* **Data**
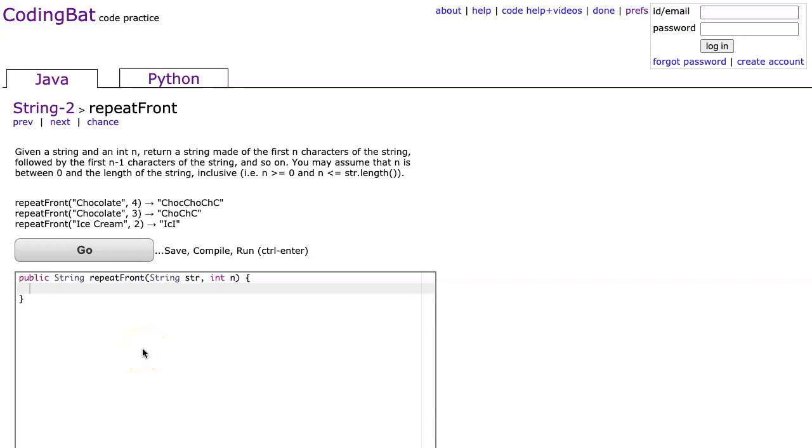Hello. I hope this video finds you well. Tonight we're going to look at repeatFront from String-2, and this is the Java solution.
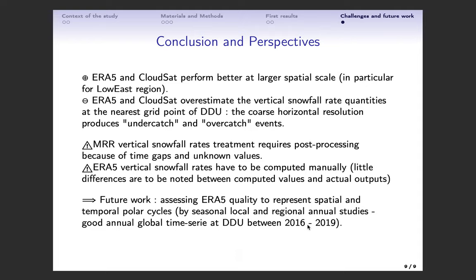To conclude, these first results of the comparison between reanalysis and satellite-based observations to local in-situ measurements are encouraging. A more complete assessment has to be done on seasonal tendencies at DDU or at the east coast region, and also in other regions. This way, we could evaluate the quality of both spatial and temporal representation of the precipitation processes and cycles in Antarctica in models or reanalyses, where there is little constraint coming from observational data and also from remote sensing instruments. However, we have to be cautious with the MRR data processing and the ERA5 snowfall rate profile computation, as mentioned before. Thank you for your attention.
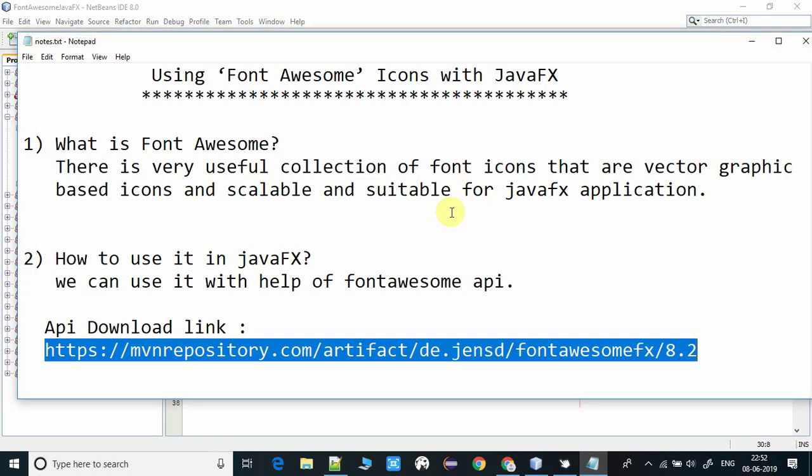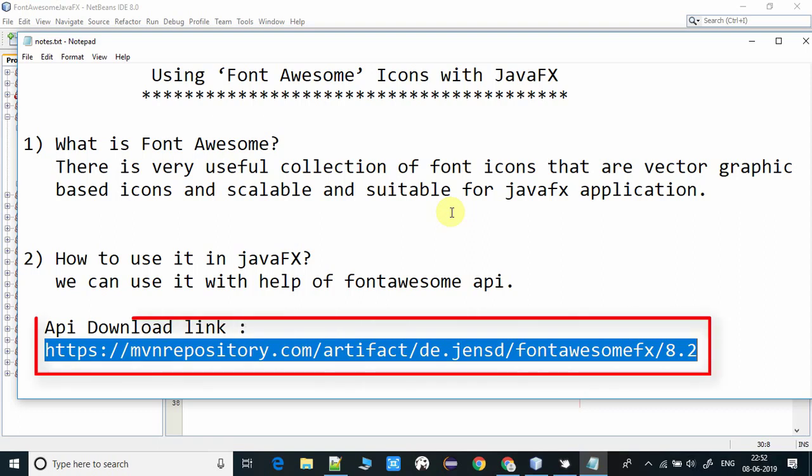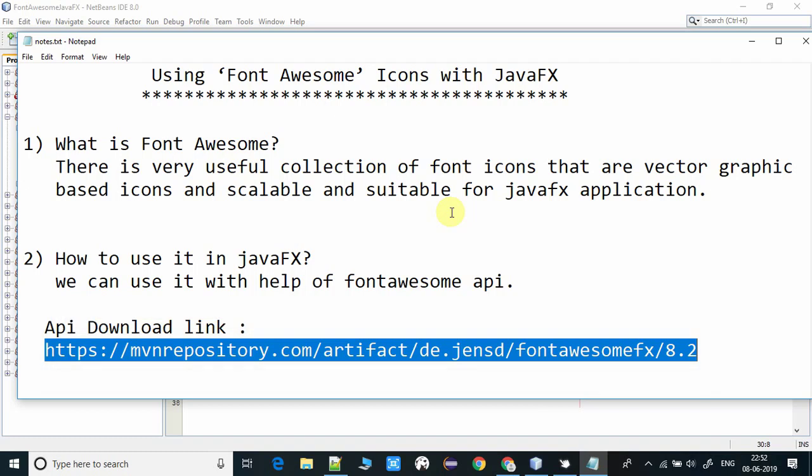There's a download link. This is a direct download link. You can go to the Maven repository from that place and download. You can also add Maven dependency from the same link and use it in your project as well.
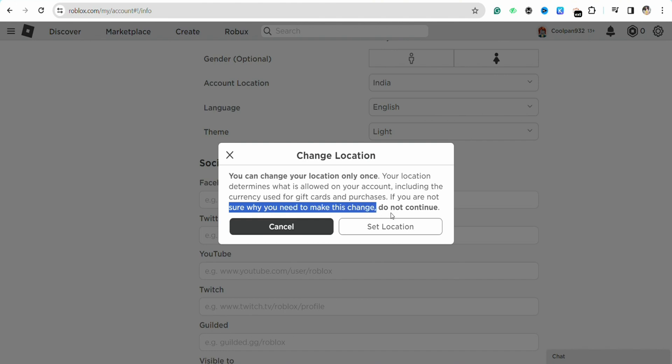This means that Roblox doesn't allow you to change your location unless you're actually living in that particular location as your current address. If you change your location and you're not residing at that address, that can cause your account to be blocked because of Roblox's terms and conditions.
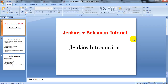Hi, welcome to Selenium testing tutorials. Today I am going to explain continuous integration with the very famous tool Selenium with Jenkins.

==

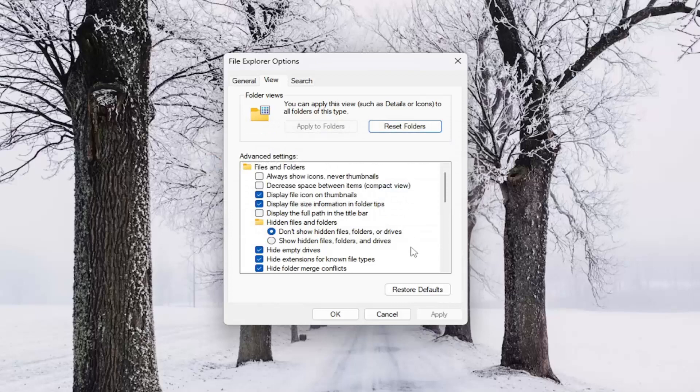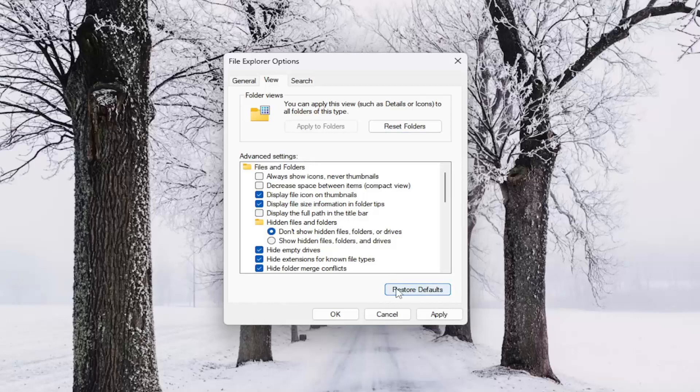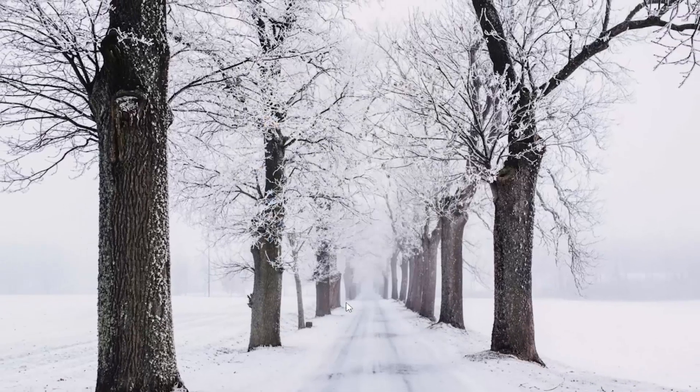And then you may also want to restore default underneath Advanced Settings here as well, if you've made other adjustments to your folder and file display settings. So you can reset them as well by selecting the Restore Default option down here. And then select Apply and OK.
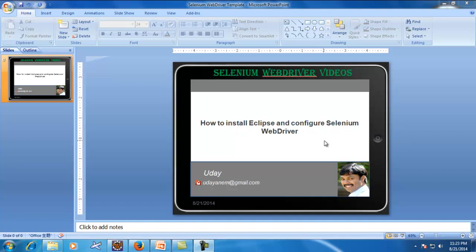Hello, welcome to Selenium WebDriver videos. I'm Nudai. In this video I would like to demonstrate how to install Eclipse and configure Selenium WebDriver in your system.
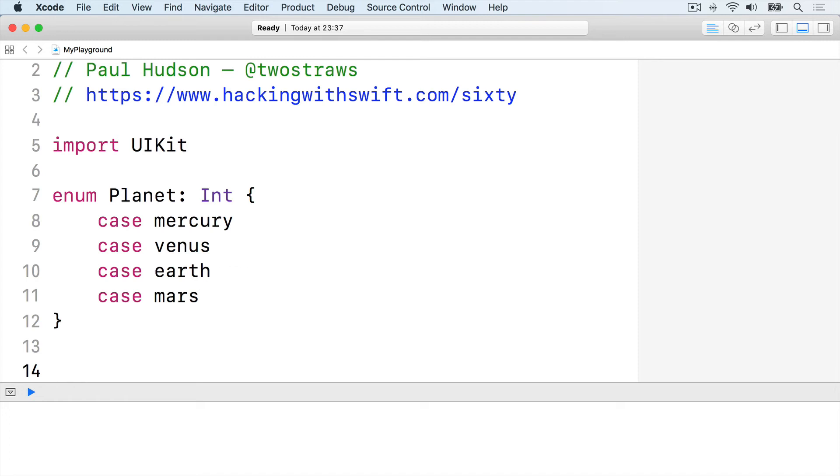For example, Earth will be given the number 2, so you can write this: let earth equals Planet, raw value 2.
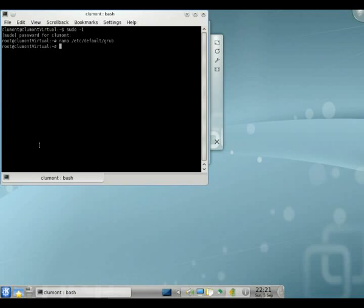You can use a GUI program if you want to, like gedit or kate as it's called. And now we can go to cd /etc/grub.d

* * *

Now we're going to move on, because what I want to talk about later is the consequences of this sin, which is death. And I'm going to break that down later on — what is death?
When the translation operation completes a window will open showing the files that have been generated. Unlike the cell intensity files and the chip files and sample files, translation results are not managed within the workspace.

* **Required work**
Starting with the line that has "Hello. I hope" and ending with the line that has "There's a download", repeat the lines above exactly, omitting every picture.

* **Exercise solution**
Hello. I hope this video finds you well. Tonight we're going to look at repeatFront from String-2, and this is the Java solution.
To conclude, these first results of the comparison between reanalysis and satellite-based observations to local in-situ measurements are encouraging. A more complete assessment has to be done on seasonal tendencies at DDU or at the east coast region, and also in other regions. This way, we could evaluate the quality of both spatial and temporal representation of the precipitation processes and cycles in Antarctica in models or reanalyses, where there is little constraint coming from observational data and also from remote sensing instruments. However, we have to be cautious with the MRR data processing and the ERA5 snowfall rate profile computation, as mentioned before. Thank you for your attention.
There's a download link. This is a direct download link. You can go to the Maven repository from that place and download. You can also add Maven dependency from the same link and use it in your project as well.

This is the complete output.